EXERCISE GOAL
Copy each line below exactly as it appears. Pictures are to be omitted.

SUPPLIED RECORDS
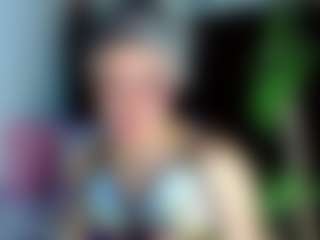 Live cam show with NathaliaandMateo - White on Mixed Magazine Live | colombia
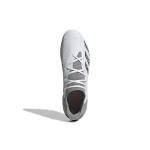 Adidas Predator Freak.3L AG（ ）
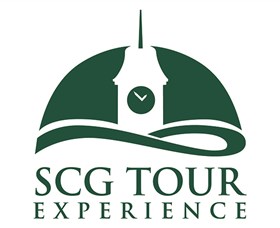 SCG Tour Experience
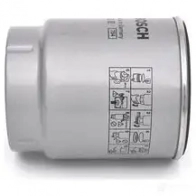 Топливный фильтр BOSCH N 2794 1193529772 JKHSQ f026402794 - Изображение 6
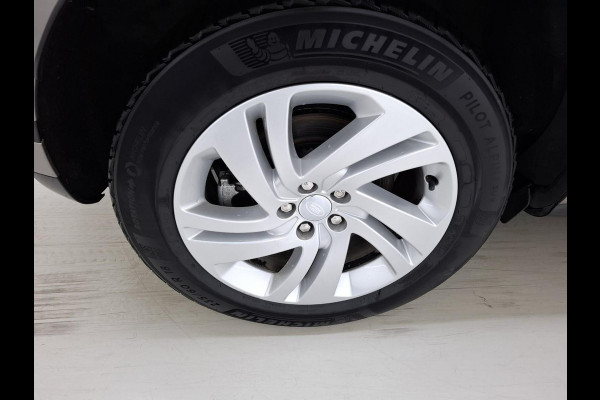 Land Rover Range Rover Evoque 1.5 P300e AWD R-Dynamic SE | 77600 KM | Panorama Dak | Volledig lederen interieur | WORDT VERWACHT.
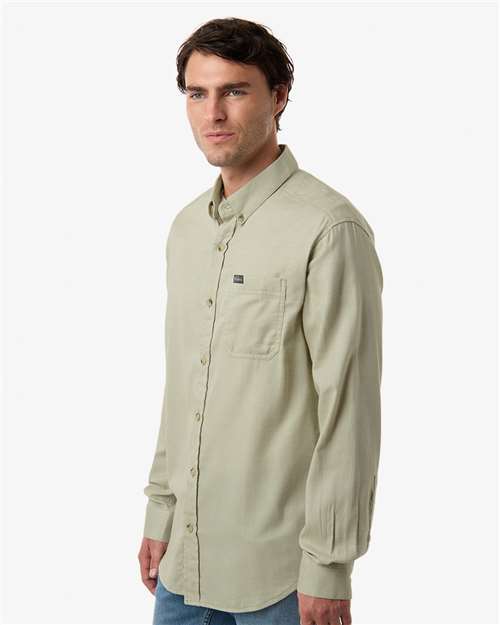 Men's Rapid Rivers™ II Shirt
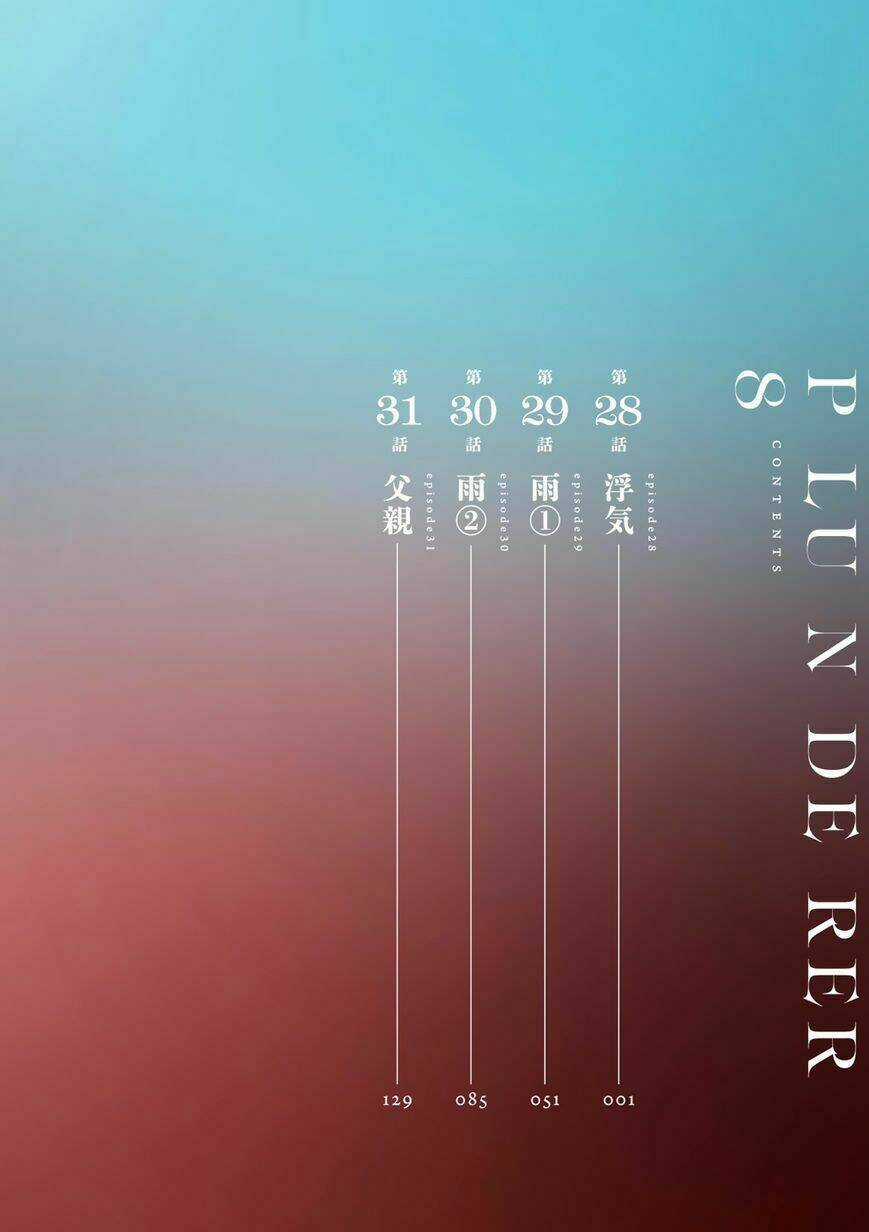 KÍCH TRỤY VƯƠNG HUYỀN THOẠI Chapter 28 trang 5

TASK OUTPUT
 Live cam show with NathaliaandMateo - White on Mixed Magazine Live | colombia
 Adidas Predator Freak.3L AG（ ）
 SCG Tour Experience
 Топливный фильтр BOSCH N 2794 1193529772 JKHSQ f026402794 - Изображение 6
 Land Rover Range Rover Evoque 1.5 P300e AWD R-Dynamic SE | 77600 KM | Panorama Dak | Volledig lederen interieur | WORDT VERWACHT.
 Men's Rapid Rivers™ II Shirt
 KÍCH TRỤY VƯƠNG HUYỀN THOẠI Chapter 28 trang 5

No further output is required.